The contentions that the municipality must show a necessity for acquisition of the utility property, and that this is not established by the mere passage of a resolution stating necessity is insufficient, are not supported by the authorities. In Delfeld v. City of Tulsa, 191 Okla. 541, 131 P.2d 754, the Court expressly stated that in such a resolution "there was presented a prima facie case that the use to which the property was to be put was a public use; and, when landowner denied such contemplated use was a public use, it was proper for trial court to require him to assume burden of proving such use was not a proper public use." [Emphasis ours.] Note from the emphasized words that it is the use of the property as a public use, which is in issue, not whether the patrons can be served by the owner of the property as PSC seems to contend.
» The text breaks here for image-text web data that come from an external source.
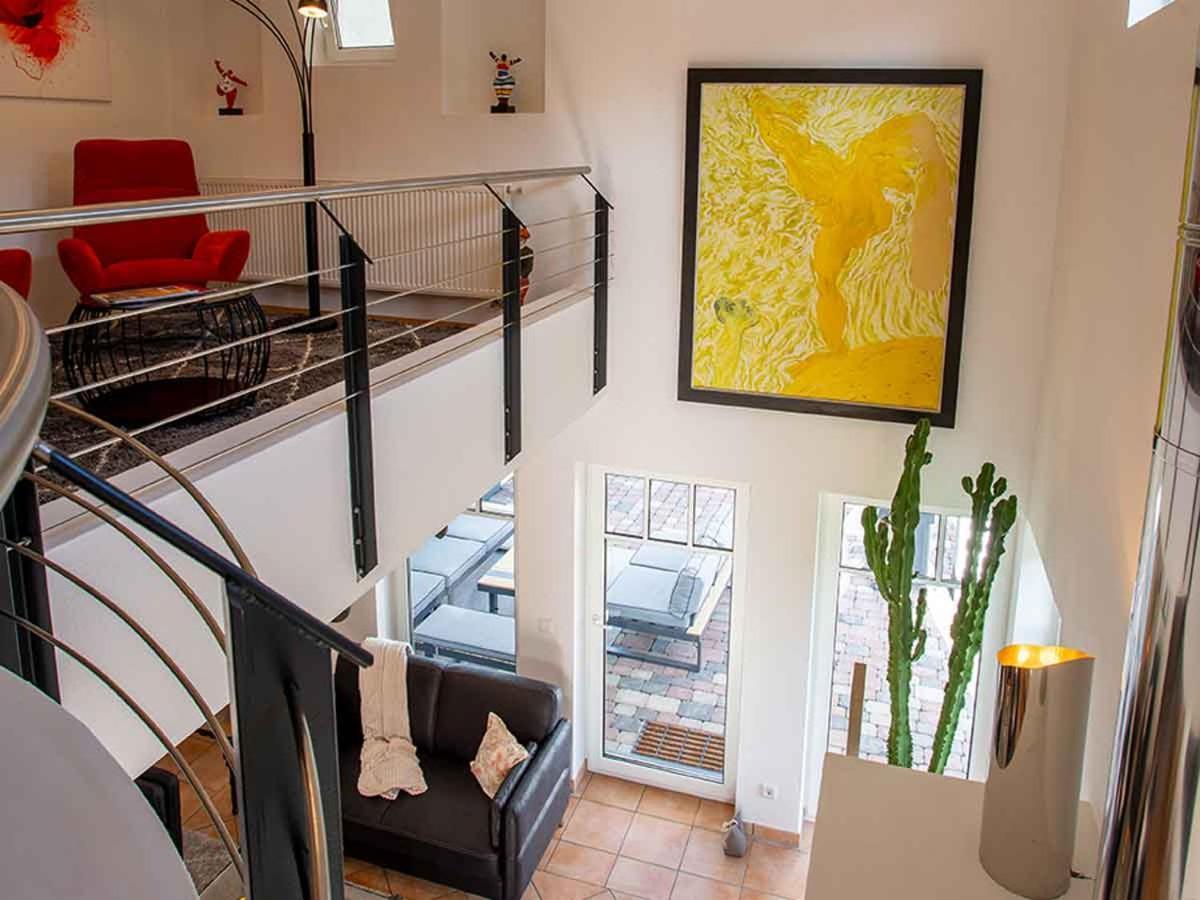 אסלוה Ferienhaus Wennetraum מראה חיצוני תמונה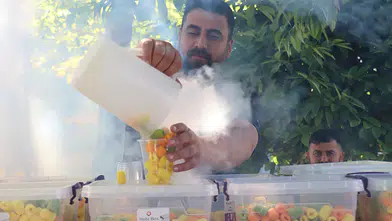 Hatay'da 1. Antakya Gastro Bahar Festivali başladı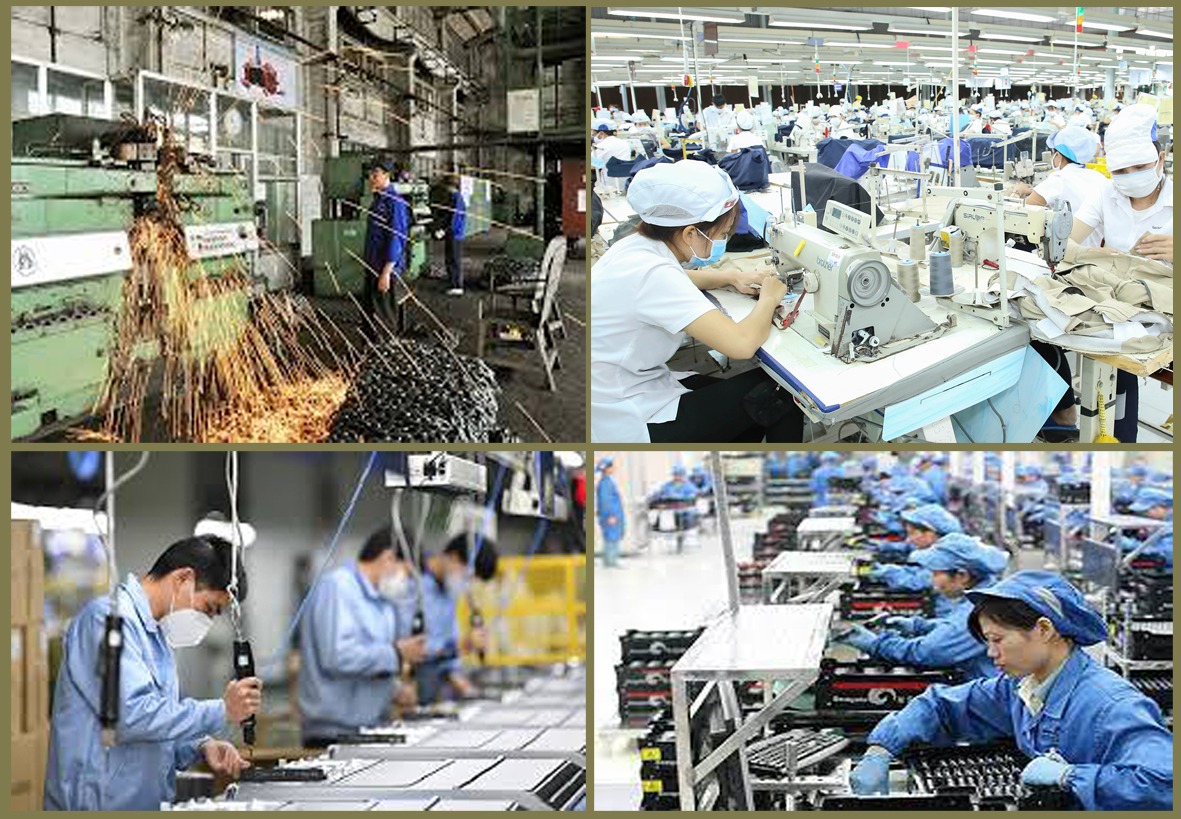 NSNN đảm bảo cho các nhiệm vụ chi an sinh xã hội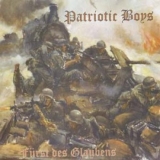 Patriotic Boys - Frst des Glaubens CD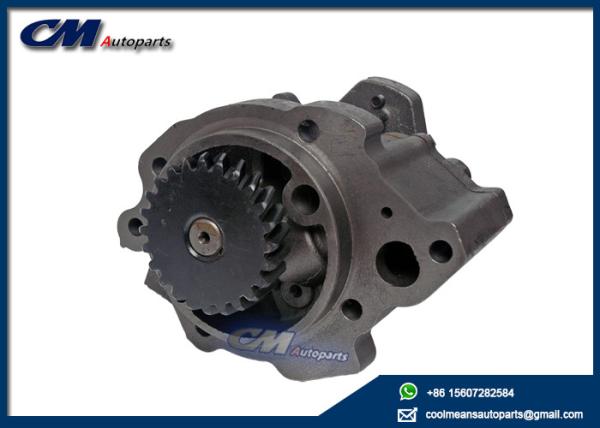 Cummins 3821572/3803698 Oil Pump for NT855 Diesel Motor Lubrication System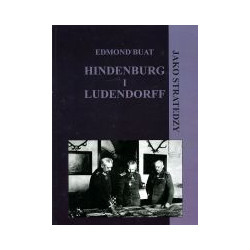 Hindenburg i Ludendorff jako stratedzy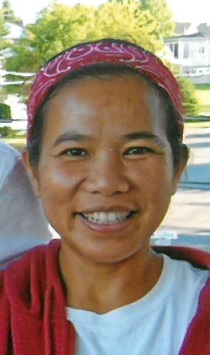 Phonepheth Sayakhom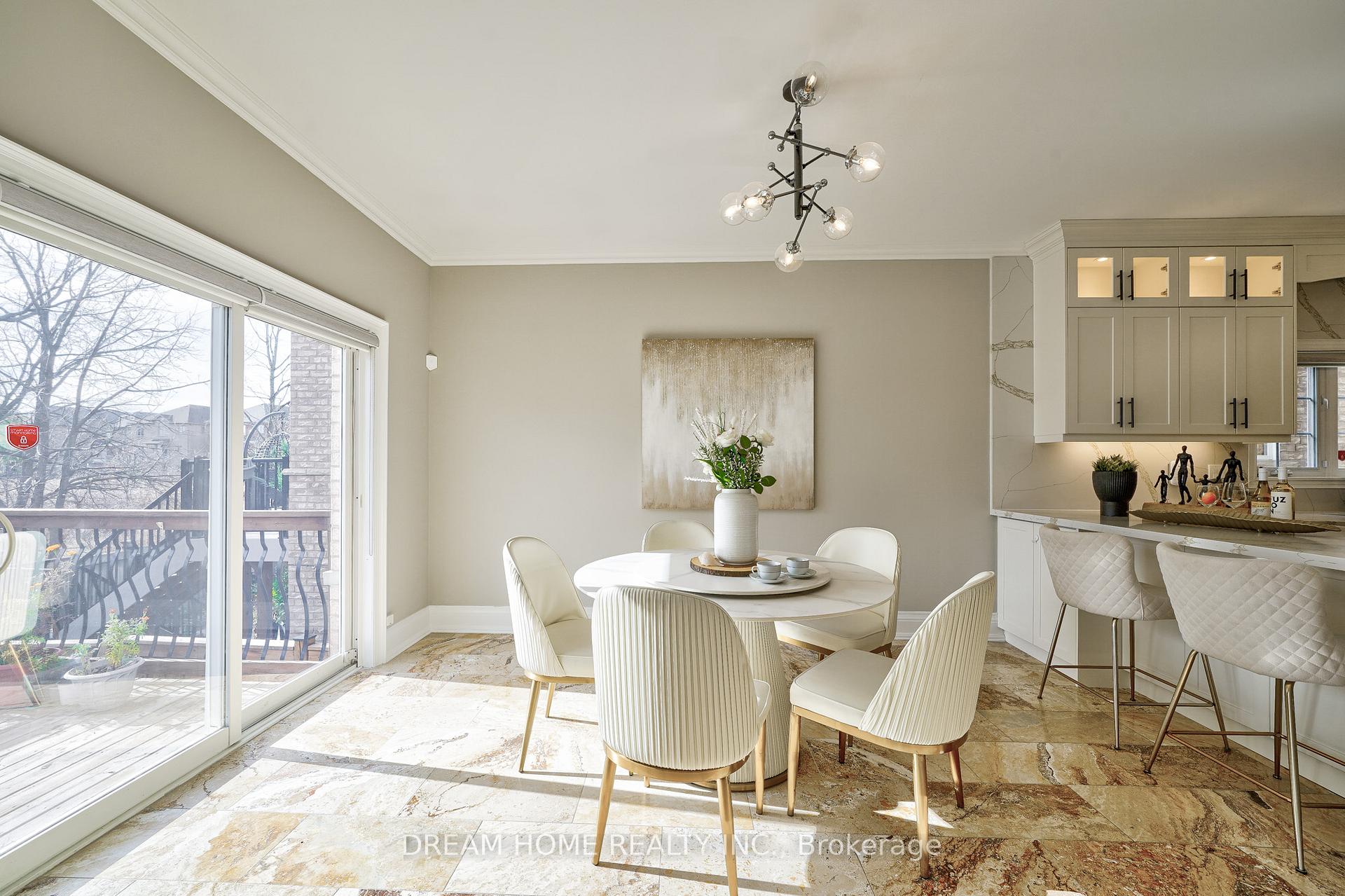 Photo 15 of 95 Rivermill Crescent, Vaughan, Patterson — HOMEH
Obviously, the operation of a utility plant by a municipality in the exercise of its constitutional authority is a public use.
The argument in the Majority Opinion, that the Legislature was aware that the general powers of eminent domain were not sufficiently broad to permit condemnation of property of a pre-existing public utility already devoted to the same public use, is based upon the erroneous assumption that 18 O.S. 1971 § 437.2[ 18-437.2] and 11 O.S. 1971 § 1613[11-1613] support that conclusion.
The fact that the Legislature enacted 18 O.S. 1971 § 437.2[ 18-437.2], which provided for Rural Electrification Cooperatives [REC] to continue operation in an area which was later included within the boundaries of a city, town or village without obtaining the consent, franchise, license permit or other authority of the city, town or village, and further provided that if the city, town or village operated its own electric system, then on the city's request the cooperative would transfer their facilities to the city, does not mean that the Legislature intended anything other than to provide a special summary procedure whereby the transfer could be expeditiously made. 11 O.S. 1971 § 1613[11-1613] provides for condemnation of property already devoted to a public use by an Urban Renewal Authority and not by a city, and is, therefore, not applicable to this case.
I would, therefore, hold that 11 O.S. 1971 § 670[11-670] authorizes Appellant, City of Pryor Creek, to take the property in question by eminent domain.